South Africa was hit by major black-outs in 2008
The World Bank has approved a $3.75bn (£2.45bn) loan for a huge new coal-fired power station in South Africa, despite environmental concerns.
Utility firm Eskom says the plant is needed to end power shortages, which have recently plagued South Africa.
But environmentalists say the World Bank should not finance plants which could increase carbon emissions.
The US, the largest lender to the World Bank, the UK and the Netherlands abstained from the vote.
Eskom said the 4,800 megawatt plant would help South Africa meet its increasing demand for energy, and even export to neighbouring countries.

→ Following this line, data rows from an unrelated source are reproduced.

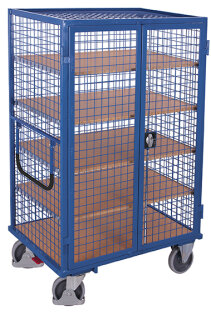 Etagenwagen mit 1 festen und 4 variablen B�den Drehgriff-Doppelfl�gelt�r + EasySTOP Typ L-1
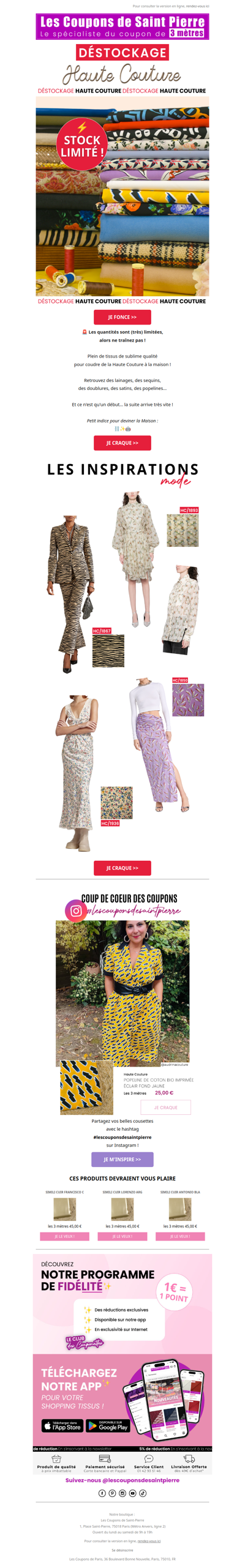 ✂️ HAUTE COUTURE : Nouveau déstockage ! 😍
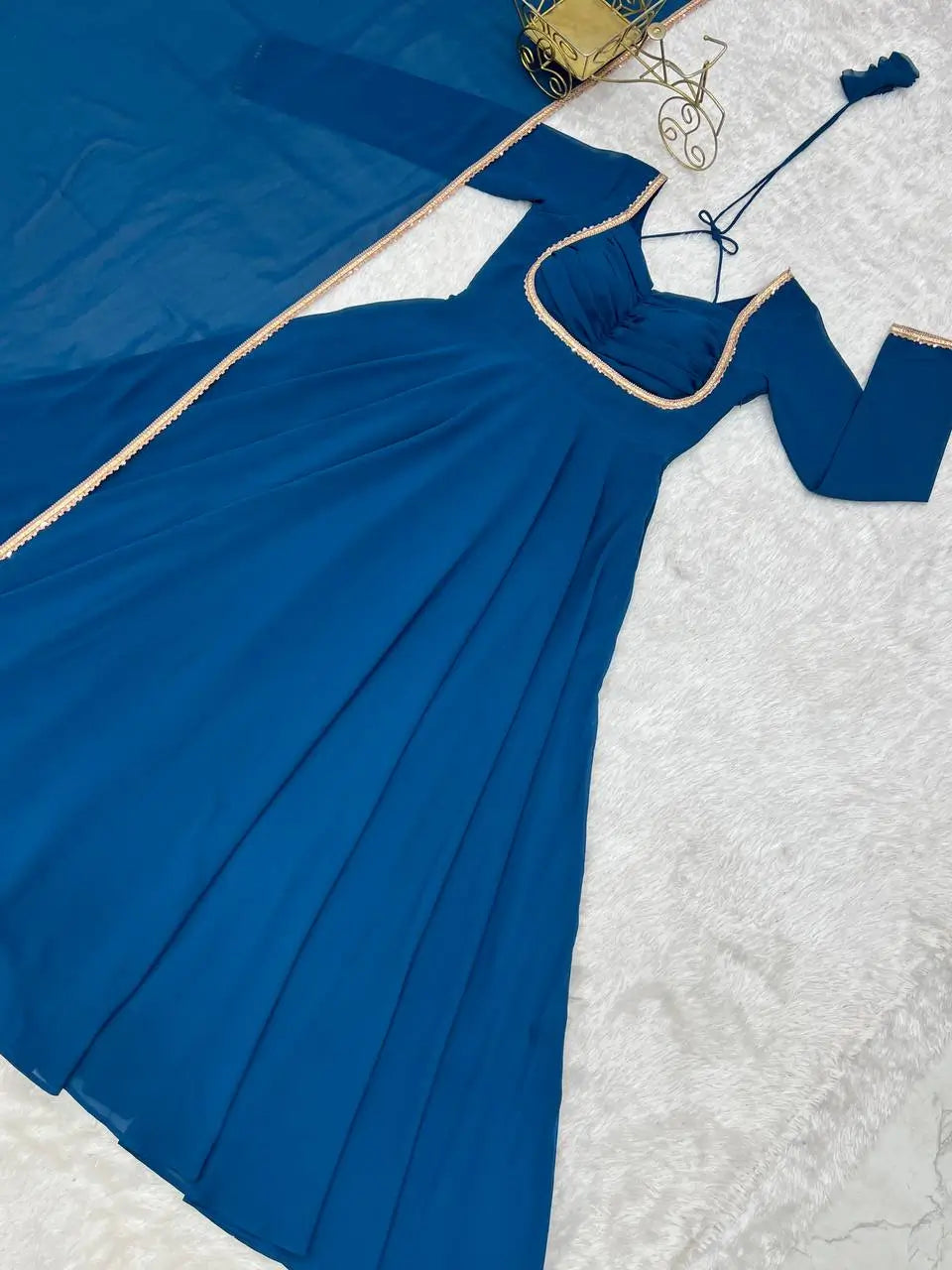 Elegant Solid Flared Anarkali Suit Set with Dupatta & Bottom | Festive & Party Wear | Available in 6 Colors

World Bank vice-president for Africa Obiageli K Ezekwesili said South Africa needed a better power supply to help raise living standards.
"Access to energy is essential for fighting poverty and catalyzing growth, both in South Africa and the wider region," the AP news agency quotes her as saying.
Some $475m of the loan will be used for renewable power, such as wind and solar projects.
This is the second major loan for the construction of the plant.
Last year, the African Development Bank $2.77bn (£1.81 bn) to the company to build the Medupi power plant.
A group of 125 campaign organisations had sent a letter to the World Bank, arguing that the project would not bring electricity to the poor but would benefit large mining houses and smelters, reports say.
A complaint submitted this week to the World Bank's independent complaint body, on behalf of residents living near Medupi power plant, claims the project violates World Bank policies, reports Talk Radio 702.
The plant is expected to be commissioned by February 2012.